Have you been late for court recently? Obiter has noticed that for a profession traditionally focused on (billable) time, the law could be taking better care of legal London’s timepieces.
At the time of writing, the elaborate clock on the Royal Courts of Justice has been stuck at 10.34 for days. Facing the RCJ on Bell Yard, the time is forever 8.22, while it is always 4.42 at HSBC, Fleet Street. Near-neighbour St Dunstan-in-the-West is at least making an effort, fundraising for the £85,000 needed to save its 1738 clock (complete with full-size giant figures in loin cloths, pictured).
A venerable clock in the Law Society’s refurbished entrance hall is currently five minutes fast (it gains a minute a day, we’re told, but is regularly set right); and, while the Queen is famously punctual, royal solicitors Farrer & Co greet visitors to their 18th century mansion with a timepiece two minutes slow.
Licensed premises are particularly erratic. The central clock in the Old Bank of England is stuck at just after 12, allegedly the time of the last banking transaction in the hall. Meanwhile in the sawdust bar of Ye Olde Cheshire Cheese the wall clock has been right twice a day, at 10.35, for as long as Obiter has drunk there. (A very long time – editor.)
However, over the road at El Vino, the clock above the bar, traditionally set 15 minutes fast to encourage the timely departure of lawyers and reporters, is now showing the right time following a change in ownership.

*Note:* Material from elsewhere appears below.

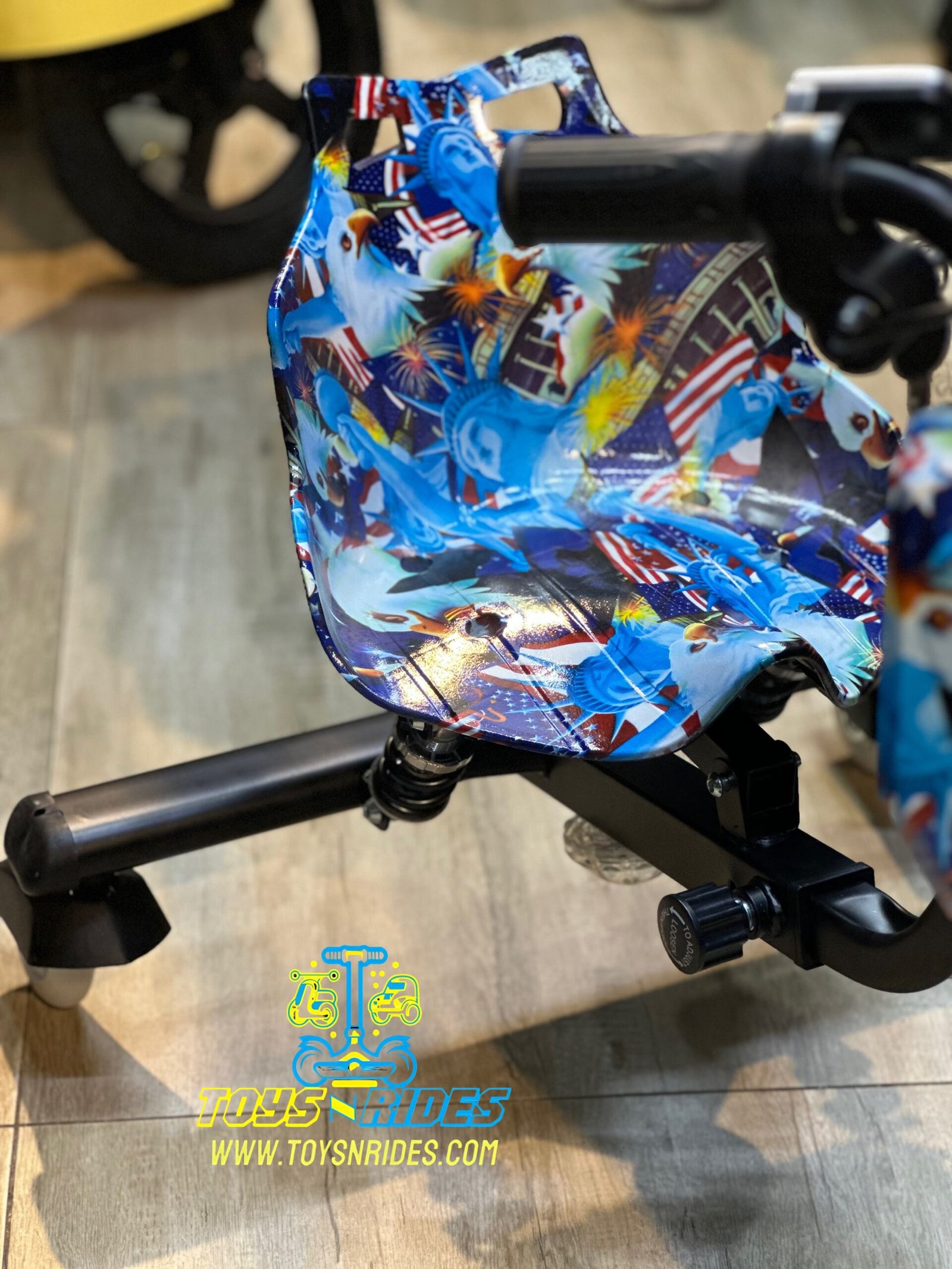 Kids Drifting Scooter - 3-Wheel Drift Bike for Kids | TOYSNRIDES - Image 5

The inns, likewise, are punctual. Even with the builders in, Lincoln’s Inn Great Hall has the correct time, as do the clocks at Middle Temple and Gray’s Inn. City Law School’s plastic reception clock must have cost all of £10.99, but is at least right. And anyone who regularly runs for a Thameslink train will know that Peterborough House, the old Telegraph HQ, is reliable. Alas, that’s more than can be said for the Telegraph, nowadays.